__INSTRUCTIONS FOR THE TASK__.
Using the listing below, print the line containing "Cover image for", the line containing "DARKNESS - METAL ADJUSTABLE NOZZLE CLAMPS", and each line between them, exactly and nothing else. Pictures stay out of the print.

__MATERIALS PROVIDED__.

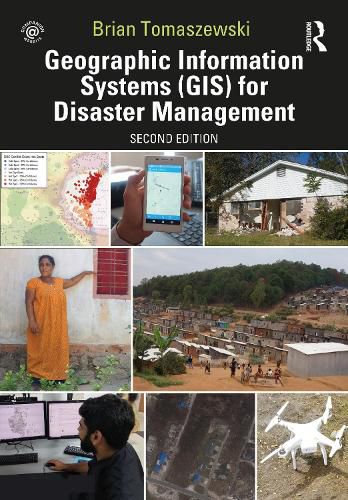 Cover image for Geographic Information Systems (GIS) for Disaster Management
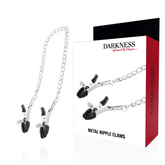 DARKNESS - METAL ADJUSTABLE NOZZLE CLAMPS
---
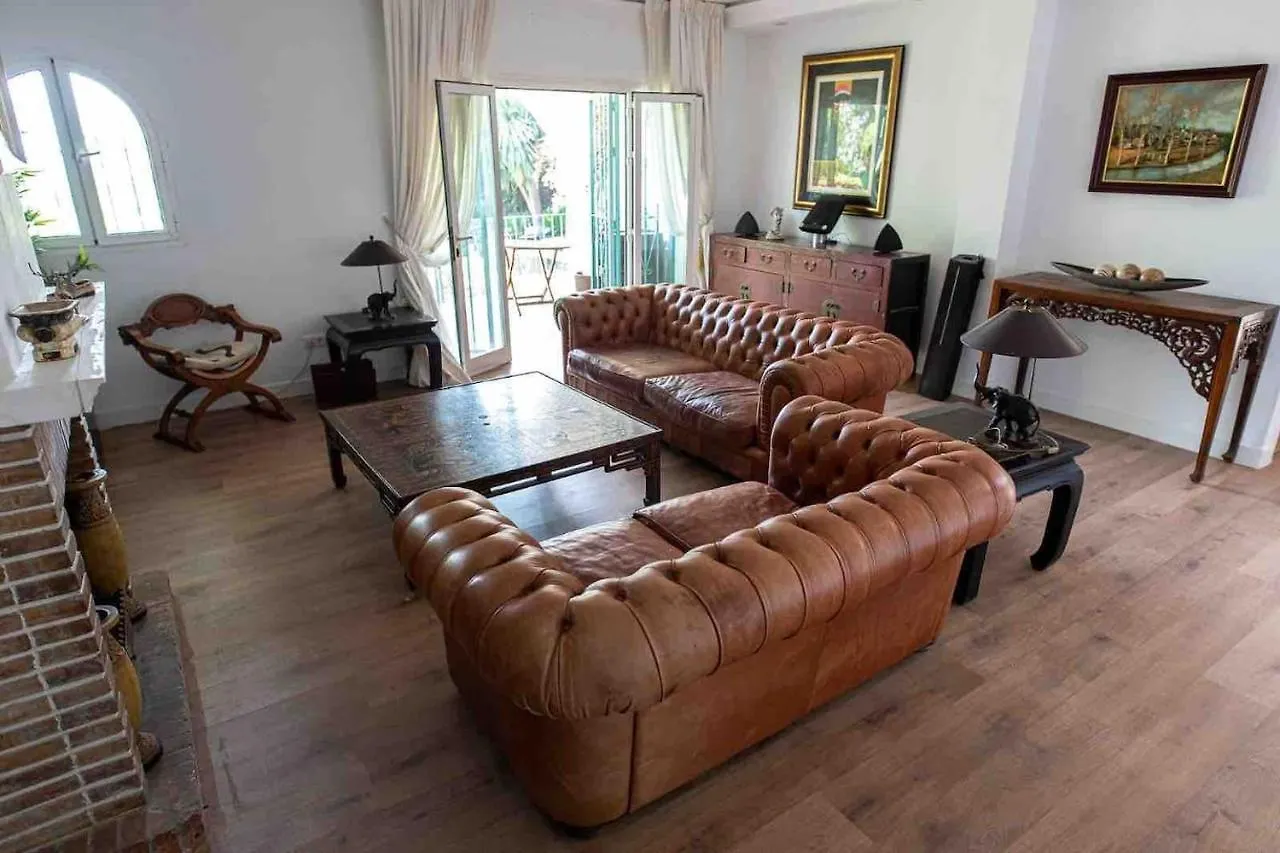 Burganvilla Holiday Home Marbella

__RESULT__.
 Cover image for Geographic Information Systems (GIS) for Disaster Management
 DARKNESS - METAL ADJUSTABLE NOZZLE CLAMPS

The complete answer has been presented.